• [HOW TO COMPLETE THIS TASK]
With images removed, transcribe each record exactly as it appears.

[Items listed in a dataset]

* * *

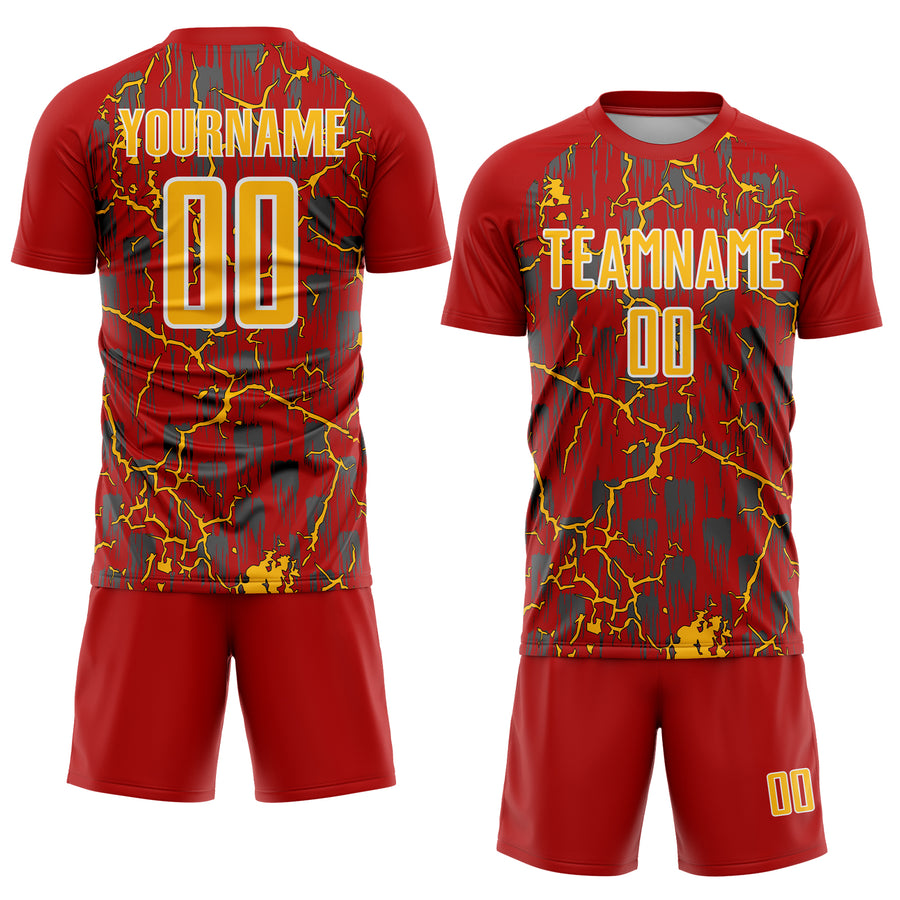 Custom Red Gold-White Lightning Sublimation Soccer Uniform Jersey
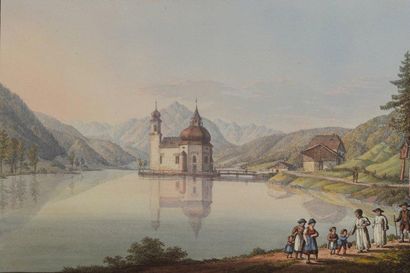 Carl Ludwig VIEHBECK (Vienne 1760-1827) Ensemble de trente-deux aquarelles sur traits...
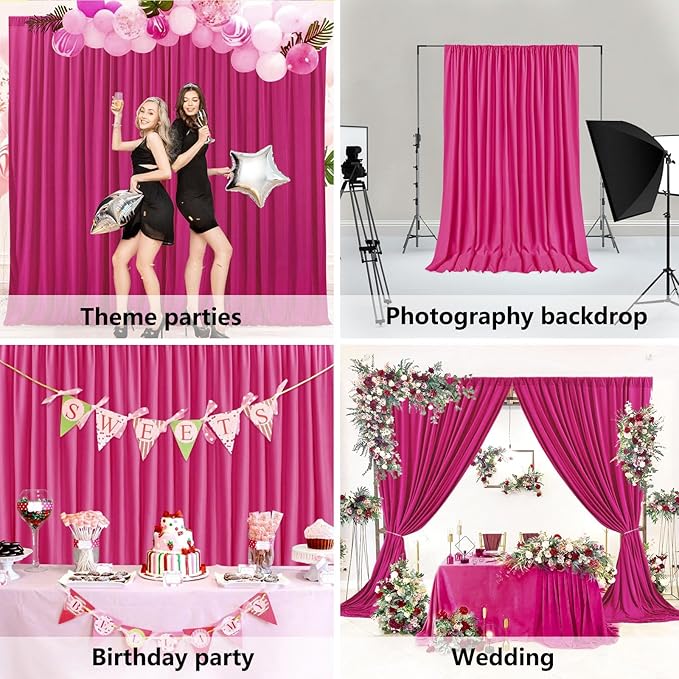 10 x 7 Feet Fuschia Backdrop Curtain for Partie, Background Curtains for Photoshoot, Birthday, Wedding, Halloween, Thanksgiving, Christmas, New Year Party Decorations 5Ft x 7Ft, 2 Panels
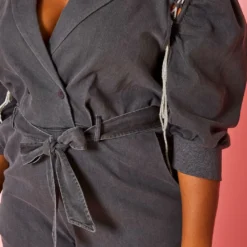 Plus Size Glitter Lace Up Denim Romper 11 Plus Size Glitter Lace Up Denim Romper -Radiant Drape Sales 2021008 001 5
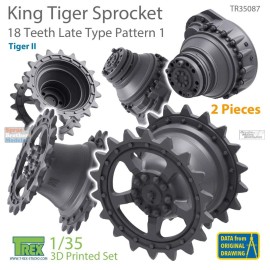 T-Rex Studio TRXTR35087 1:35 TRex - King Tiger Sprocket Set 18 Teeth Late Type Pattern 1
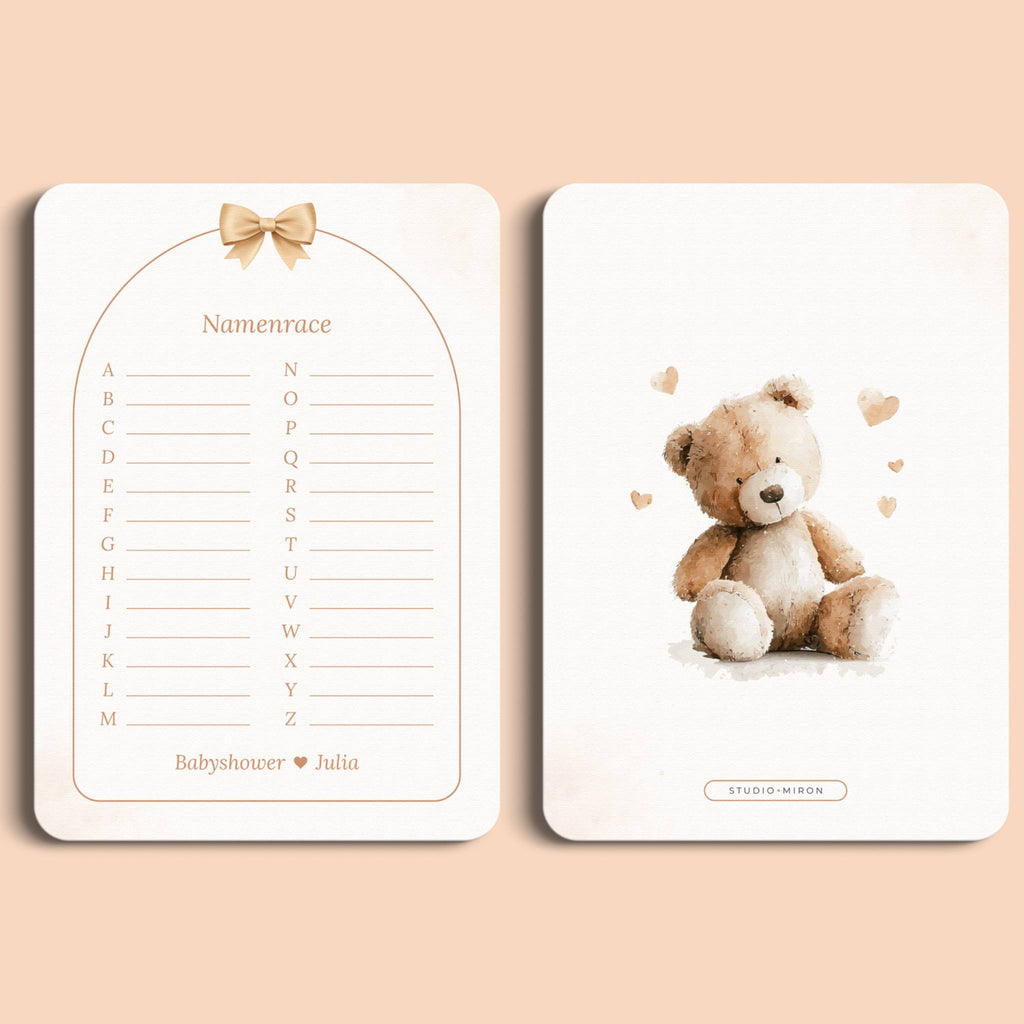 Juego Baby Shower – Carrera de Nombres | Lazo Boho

* * *

• [TASK RESULT]
 Custom Red Gold-White Lightning Sublimation Soccer Uniform Jersey
 Carl Ludwig VIEHBECK (Vienne 1760-1827) Ensemble de trente-deux aquarelles sur traits...
 10 x 7 Feet Fuschia Backdrop Curtain for Partie, Background Curtains for Photoshoot, Birthday, Wedding, Halloween, Thanksgiving, Christmas, New Year Party Decorations 5Ft x 7Ft, 2 Panels
 Plus Size Glitter Lace Up Denim Romper 11 Plus Size Glitter Lace Up Denim Romper -Radiant Drape Sales 2021008 001 5
 T-Rex Studio TRXTR35087 1:35 TRex - King Tiger Sprocket Set 18 Teeth Late Type Pattern 1
 Juego Baby Shower – Carrera de Nombres | Lazo Boho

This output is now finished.